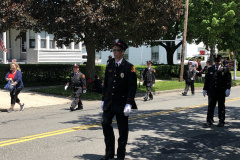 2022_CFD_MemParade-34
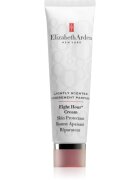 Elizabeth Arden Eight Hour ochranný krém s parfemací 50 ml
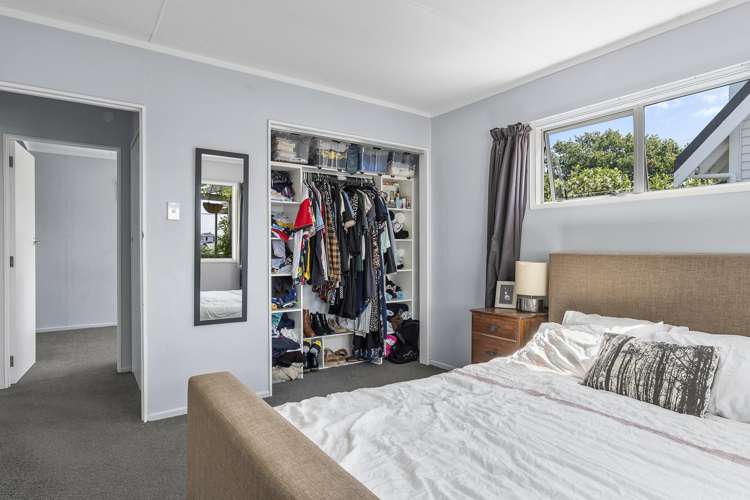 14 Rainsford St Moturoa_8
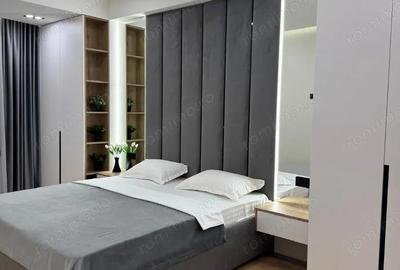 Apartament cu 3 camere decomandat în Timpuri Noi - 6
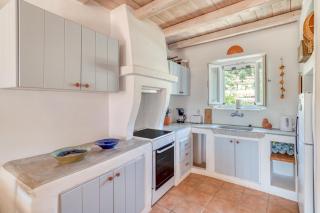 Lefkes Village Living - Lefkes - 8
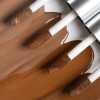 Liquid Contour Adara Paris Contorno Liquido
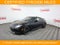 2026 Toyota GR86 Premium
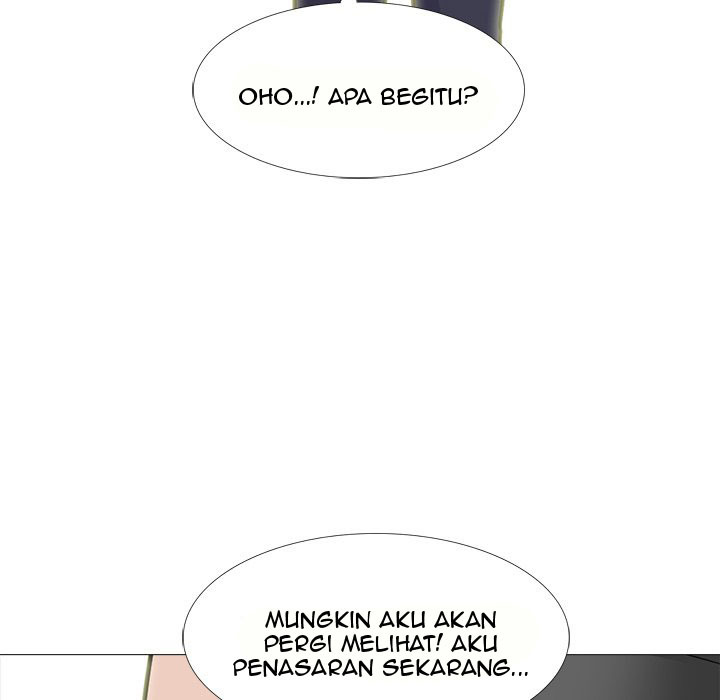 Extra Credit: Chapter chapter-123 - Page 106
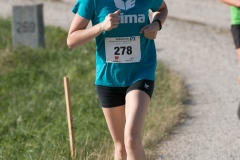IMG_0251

...

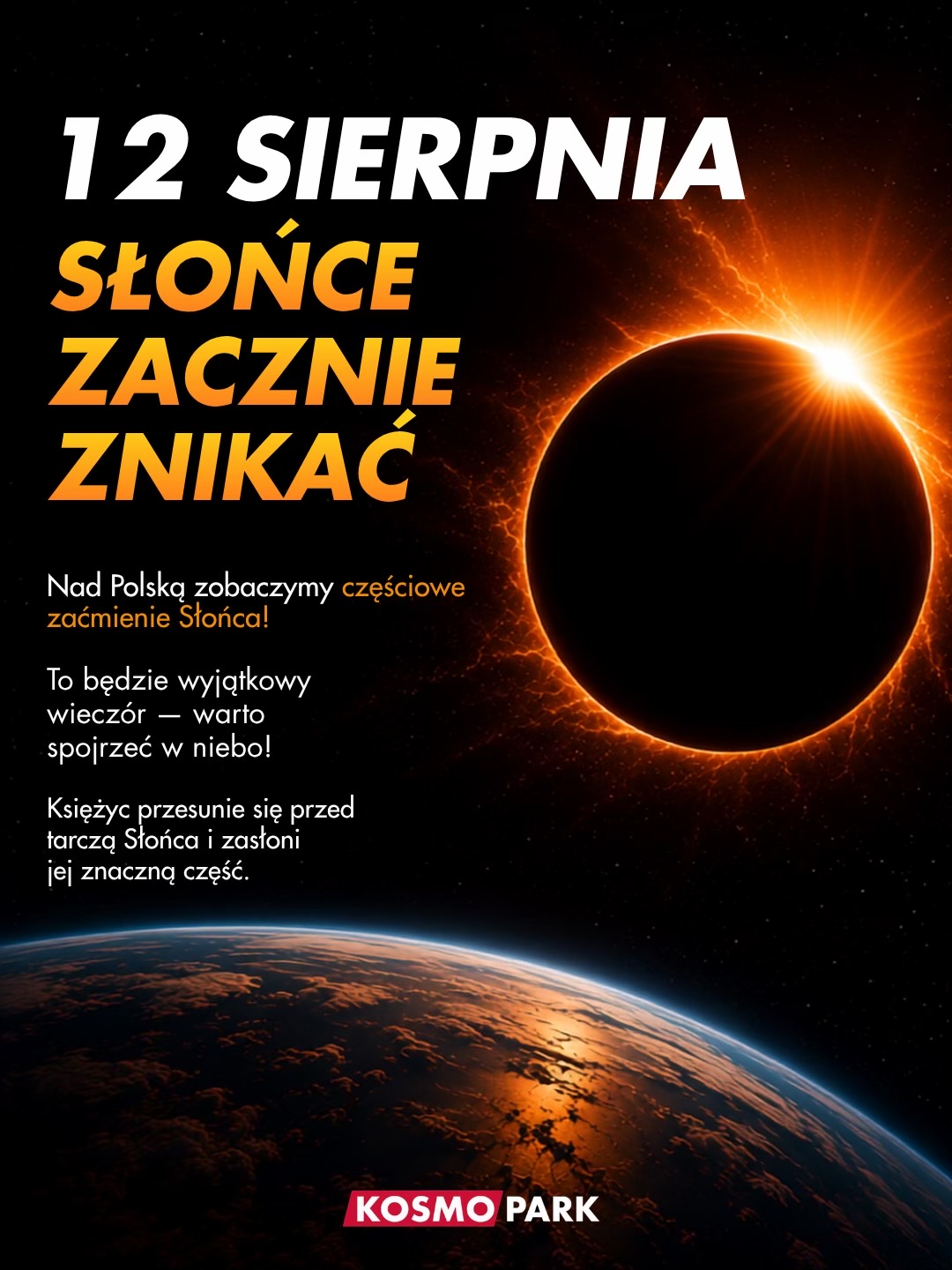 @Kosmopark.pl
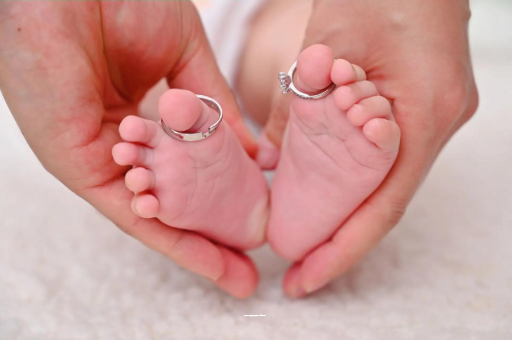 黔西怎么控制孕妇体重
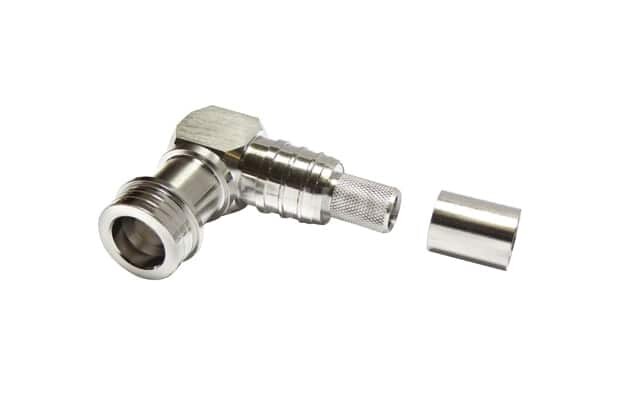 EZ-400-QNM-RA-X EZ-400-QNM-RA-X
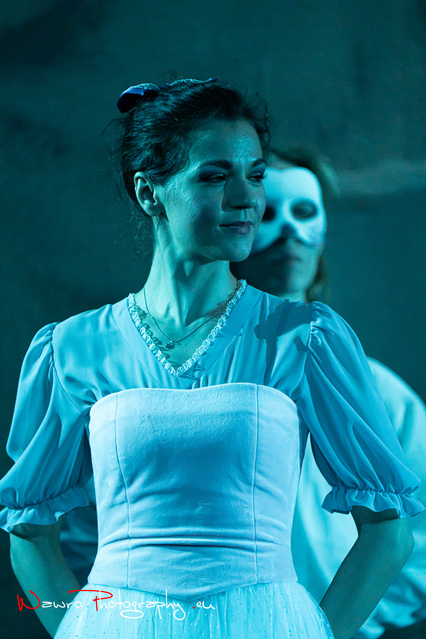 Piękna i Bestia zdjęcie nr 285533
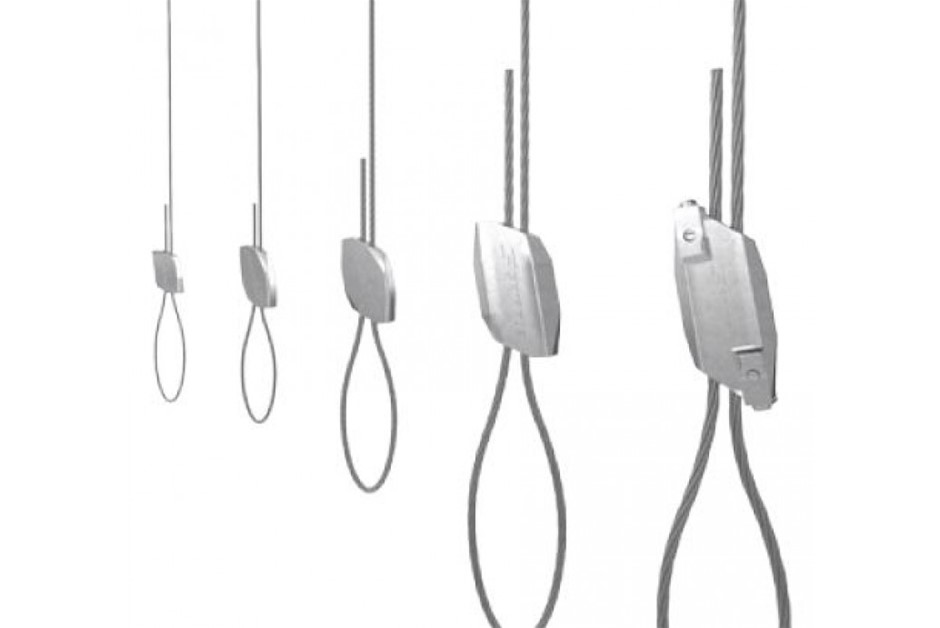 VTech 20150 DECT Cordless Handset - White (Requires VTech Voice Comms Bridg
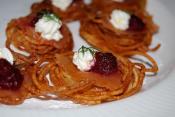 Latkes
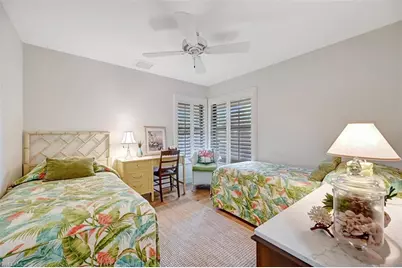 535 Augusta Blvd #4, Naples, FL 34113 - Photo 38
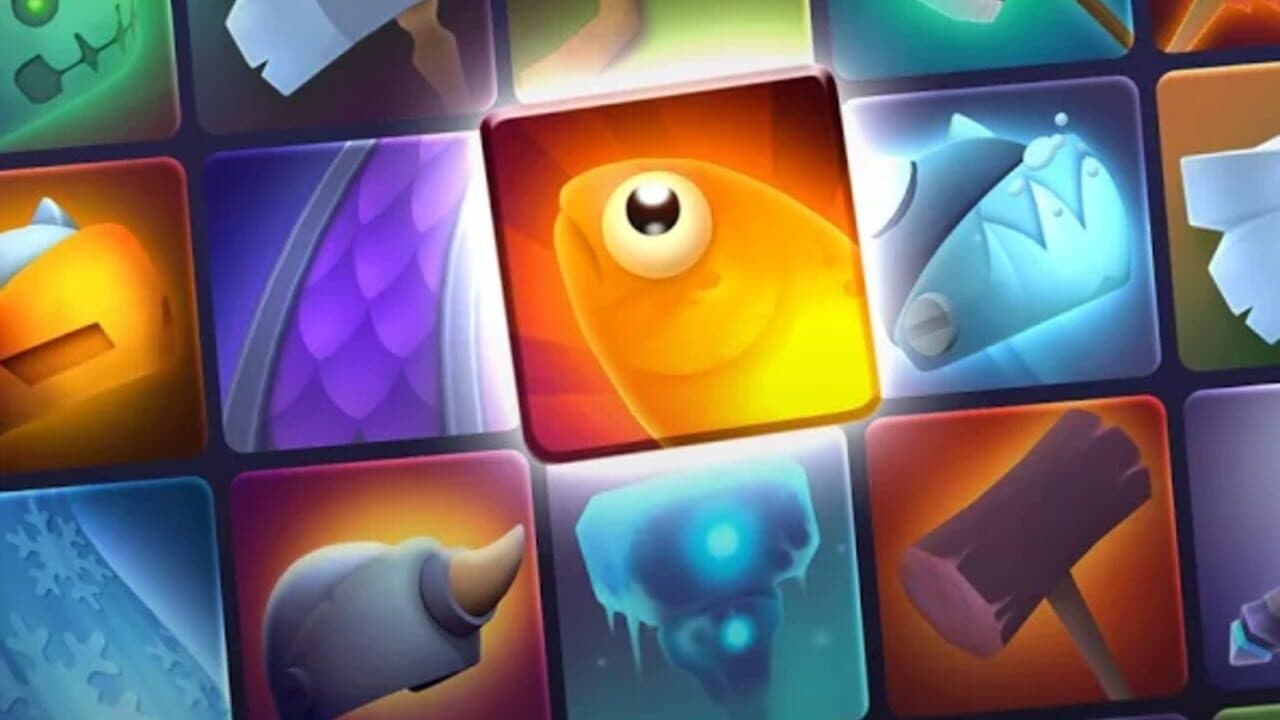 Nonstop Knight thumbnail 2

■ **Brief**: Working from the entries above, reproduce exactly and only the lines beginning with the line that has "Piękna i Bestia zdjęcie nr 285533" and ending with the line that has "Nonstop Knight thumbnail 2"; omit all pictures.

■ **Exercise response**:
 Piękna i Bestia zdjęcie nr 285533
 VTech 20150 DECT Cordless Handset - White (Requires VTech Voice Comms Bridg
 Latkes
 535 Augusta Blvd #4, Naples, FL 34113 - Photo 38
 Nonstop Knight thumbnail 2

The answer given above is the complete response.